YOUR INSTRUCTIONS
Starting with the line that contains "Kleurrijke Waterverf Zandsteen" and stopping after the line that contains "A BATHING APE®", return each line below exactly as written, with no others.

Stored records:

☆ ☆ ☆

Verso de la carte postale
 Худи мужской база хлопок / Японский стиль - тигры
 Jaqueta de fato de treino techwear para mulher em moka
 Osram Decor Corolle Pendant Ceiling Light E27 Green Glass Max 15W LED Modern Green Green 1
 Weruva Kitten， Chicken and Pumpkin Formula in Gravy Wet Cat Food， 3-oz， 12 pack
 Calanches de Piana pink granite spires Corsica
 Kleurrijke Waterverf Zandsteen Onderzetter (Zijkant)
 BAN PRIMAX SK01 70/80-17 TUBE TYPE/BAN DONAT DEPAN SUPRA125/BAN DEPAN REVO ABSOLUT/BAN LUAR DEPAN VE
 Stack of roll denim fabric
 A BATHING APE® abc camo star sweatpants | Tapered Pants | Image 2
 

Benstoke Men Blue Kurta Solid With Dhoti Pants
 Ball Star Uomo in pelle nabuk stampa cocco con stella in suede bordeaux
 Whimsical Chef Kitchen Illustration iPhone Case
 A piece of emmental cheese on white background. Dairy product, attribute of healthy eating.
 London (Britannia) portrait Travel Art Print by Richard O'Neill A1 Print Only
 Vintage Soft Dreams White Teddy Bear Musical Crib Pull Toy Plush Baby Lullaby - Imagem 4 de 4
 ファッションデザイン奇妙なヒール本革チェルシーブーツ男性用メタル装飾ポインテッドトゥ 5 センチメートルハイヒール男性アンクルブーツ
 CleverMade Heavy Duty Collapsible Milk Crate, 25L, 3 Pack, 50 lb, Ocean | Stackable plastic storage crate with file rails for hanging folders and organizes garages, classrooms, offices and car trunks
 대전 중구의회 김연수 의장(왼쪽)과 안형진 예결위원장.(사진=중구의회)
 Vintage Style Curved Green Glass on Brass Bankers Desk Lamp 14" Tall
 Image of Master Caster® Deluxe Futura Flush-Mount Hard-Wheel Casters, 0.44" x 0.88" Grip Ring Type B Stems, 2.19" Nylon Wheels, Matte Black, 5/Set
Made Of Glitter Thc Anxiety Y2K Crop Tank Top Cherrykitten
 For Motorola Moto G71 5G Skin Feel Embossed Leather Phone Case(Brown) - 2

☆ ☆ ☆

RESULT
 Kleurrijke Waterverf Zandsteen Onderzetter (Zijkant)
 BAN PRIMAX SK01 70/80-17 TUBE TYPE/BAN DONAT DEPAN SUPRA125/BAN DEPAN REVO ABSOLUT/BAN LUAR DEPAN VE
 Stack of roll denim fabric
 A BATHING APE® abc camo star sweatpants | Tapered Pants | Image 2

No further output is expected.